It has now been pointed out that the salary and pension scheme of Anitra Steen, head of state-owned Systembolaget and prime ministerial wife, is more generous than that of mining company LKAB’s boss Martin Ivert.
Social Democrat party secretary Marita Ulvskog said that Ivert’s pension was “completely unacceptable”.
Ivert’s pension is indeed generous – he gets 50 percent of his final salary. But Steen’s is better – she gets to take home at least 60 percent of her (generous) final salary, presumably enough to cover the heating bills at the prime ministerial mansion in Sörmland.
But why did Ulvskog pick on Ivert, when her boss’s wife’s pension is far more generous and much harder to justify?
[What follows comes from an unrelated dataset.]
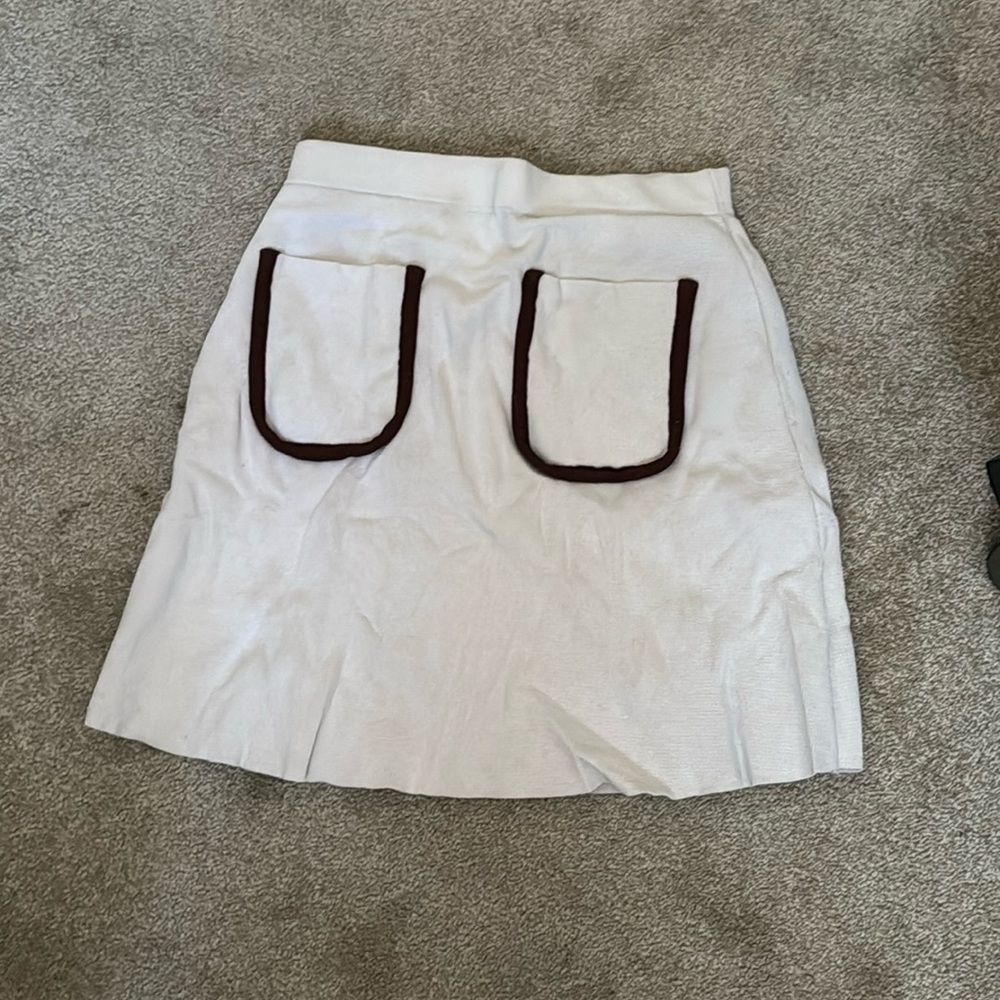 Skirt with pockets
Steen leads a company that has no competition, is not allowed to make a profit, and whose largest supplier is fellow state-owned Vin&Sprit.
Ivert leads a company that, while state-owned, has to compete on the international market, generate a profit (to line state coffers) and manage operations in some fifteen countries worldwide.
LKAB had to attract an executive from industry who would maintain the company’s market position. In Ivert, they attracted the former president of Ovako, a leading international steel manufacturer, who they believed had the expertise to take the company forward. This required a generous pay and pension package.
Steen, on the other hand, is a life-long Social Democrat functionary. There was no need to attract her from a lucrative job in industry, because she had spent her entire career in the state sector, most recently as head of the tax office.
It has to be suspected that the reason the government picked on Ivert and went out of its way to avoid picking on Steen was because she has impeccable contacts at the head of the Social Democratic hierarchy, whereas he is an outsider.
Revelations about the gross disparity between the treatment of Steen and Ivert are timely. The opposition called on Wednesday for the Social Democrats’ to stop using public appointments as sinecures for their cronies. The Steen affair proves their point amply.